### Description of the task
Write out, word for word and with no pictures, each line below from the one containing "Tempsen T 991" through the one containing "İnegöl Okyanus Koleji Yaz Okulları", both included, and no other line.

Records from a data source
================================

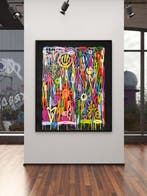 Nuno Barbedo (1983) - True Happiness (XL Size Painting)
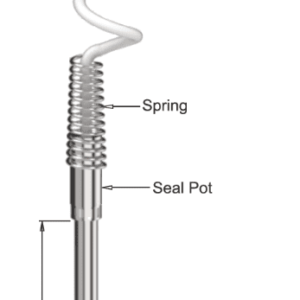 Tempsen T 991 ULTRA HIGH TEMPERATURE THERMOCOUPLE WITH TRANSITION JOINT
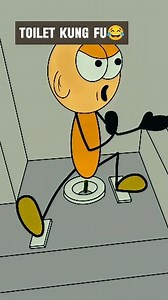 33K views · 525 reactions | Toilet Kung Fu 藍藍藍 #toiletmeme #toiletfun #kungfu #comedy #relatable #memes #memesdaily | Abd Animations | Facebook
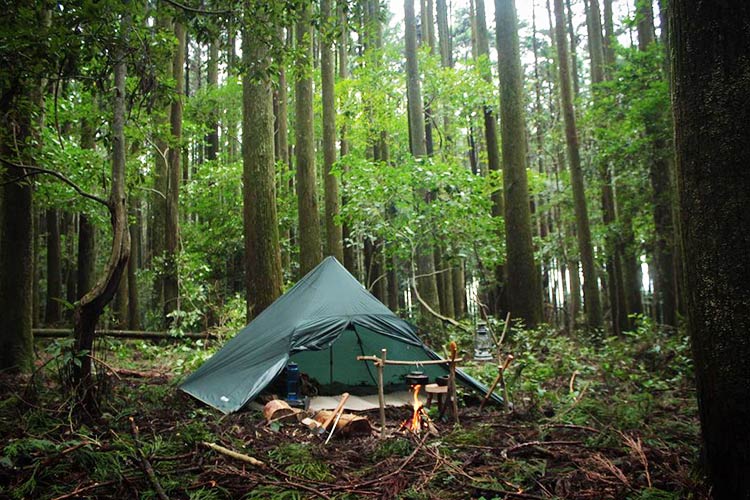 pyramide zelt DD Hammocks SuperLight XL Pyramidenzelt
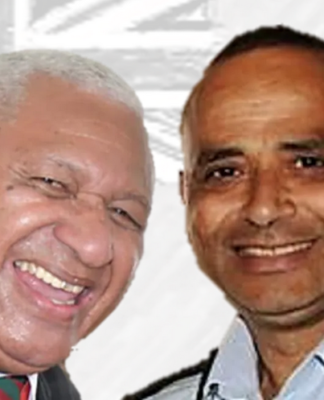 Fiji chief justice overturns not guilty verdicts in Bainimarama, Qiliho case Voreqe Bainimarama (left) and Sitiveni Qiliho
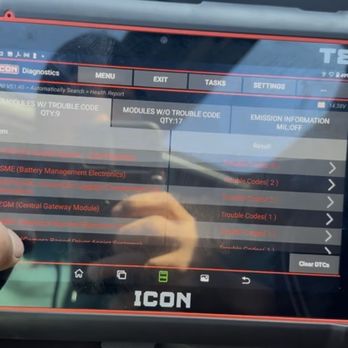 Automotive Concierge - Trouble codes read by OBD2 - Auto Repair Near Me - Kansas City, Missouri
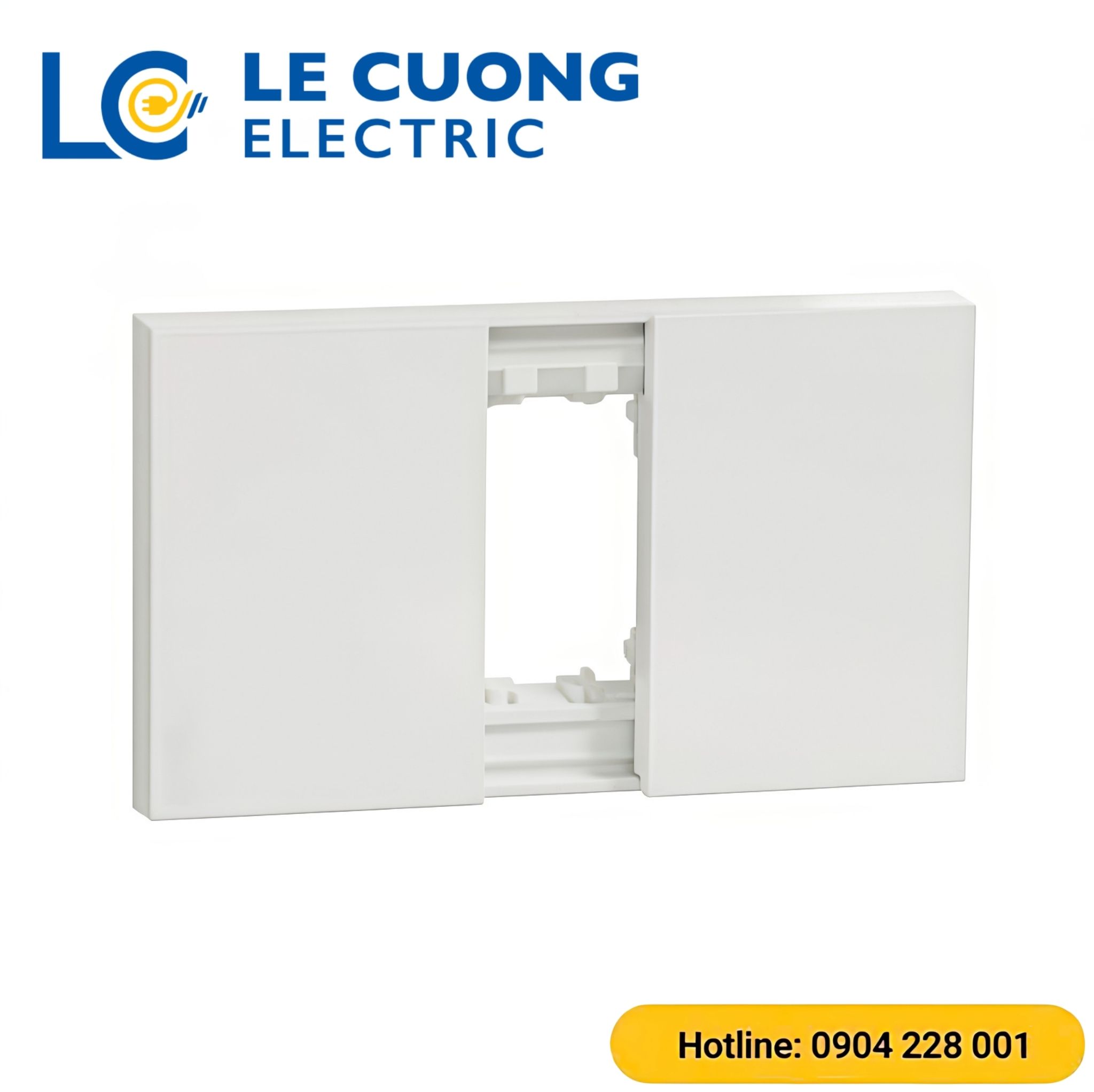 Mặt cho 1 thiết bị size S Schneider ELECTRIC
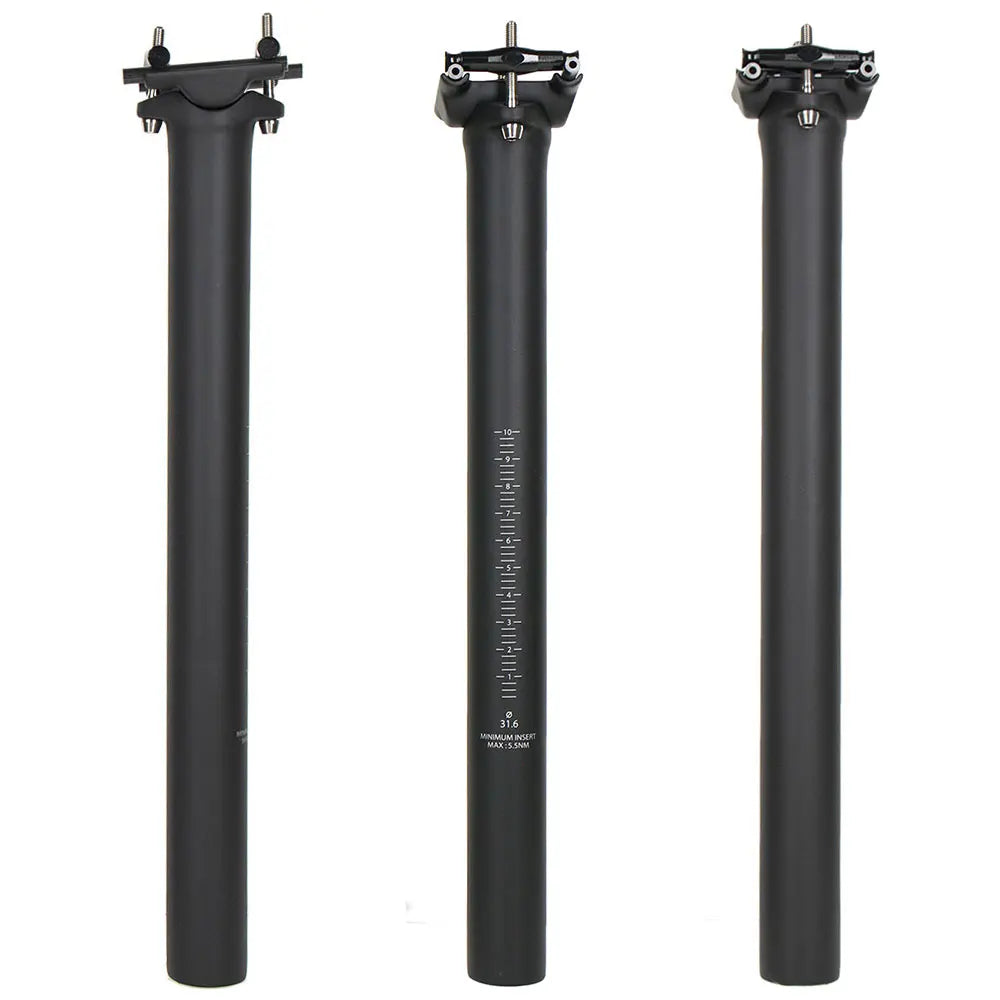 ELITA ONE Carbon Fiber Seat Post Road/Mtb Bike Seatpost 130g UD Matte 27.2/31.6*350/400 mm bicycle parts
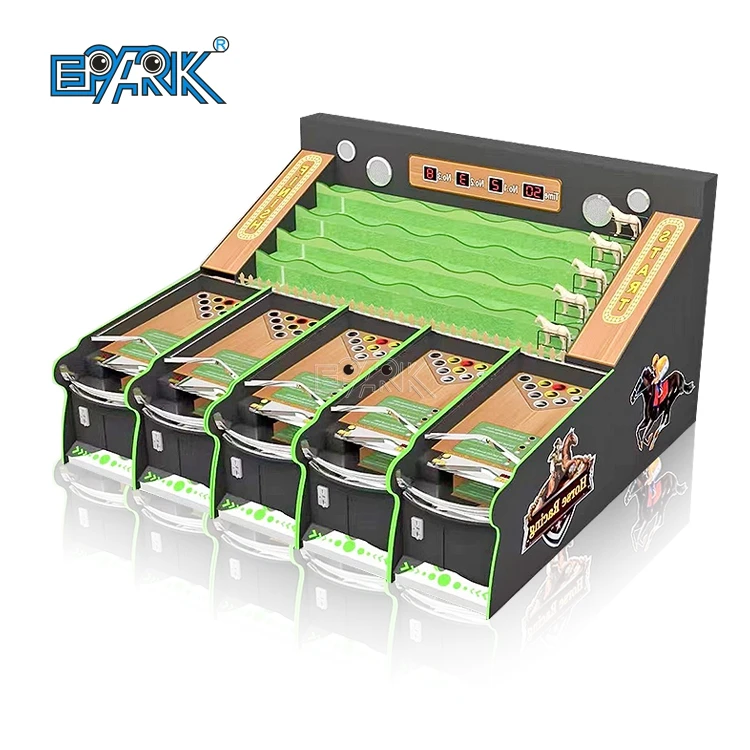 Factory Supply Customizable Multiplayer High-Grade Quality Mechanical Electronic Horse Racing Game Piece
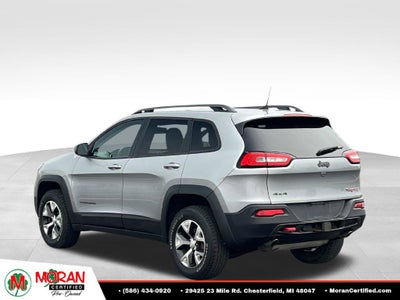 2017 Jeep Cherokee Trailhawk
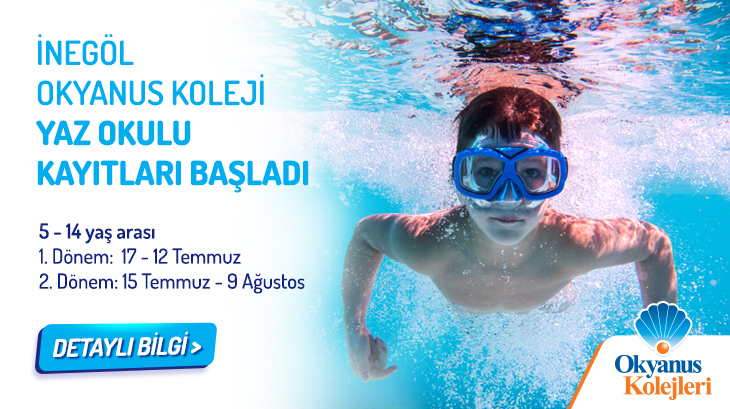 İnegöl Okyanus Koleji Yaz Okulları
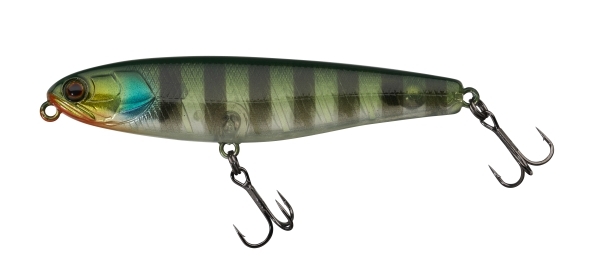 Illex Bonnie 85 Surface Lure 8.5cm (9g) - Skeleton Gill
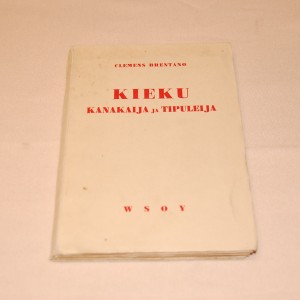 Clemens Brentano Kieku Kanakaija ja Tipuleija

================================

### Result of the task
 Tempsen T 991 ULTRA HIGH TEMPERATURE THERMOCOUPLE WITH TRANSITION JOINT
 33K views · 525 reactions | Toilet Kung Fu 藍藍藍 #toiletmeme #toiletfun #kungfu #comedy #relatable #memes #memesdaily | Abd Animations | Facebook
 pyramide zelt DD Hammocks SuperLight XL Pyramidenzelt
 Fiji chief justice overturns not guilty verdicts in Bainimarama, Qiliho case Voreqe Bainimarama (left) and Sitiveni Qiliho
 Automotive Concierge - Trouble codes read by OBD2 - Auto Repair Near Me - Kansas City, Missouri
 Mặt cho 1 thiết bị size S Schneider ELECTRIC
 ELITA ONE Carbon Fiber Seat Post Road/Mtb Bike Seatpost 130g UD Matte 27.2/31.6*350/400 mm bicycle parts
 Factory Supply Customizable Multiplayer High-Grade Quality Mechanical Electronic Horse Racing Game Piece
 2017 Jeep Cherokee Trailhawk
 İnegöl Okyanus Koleji Yaz Okulları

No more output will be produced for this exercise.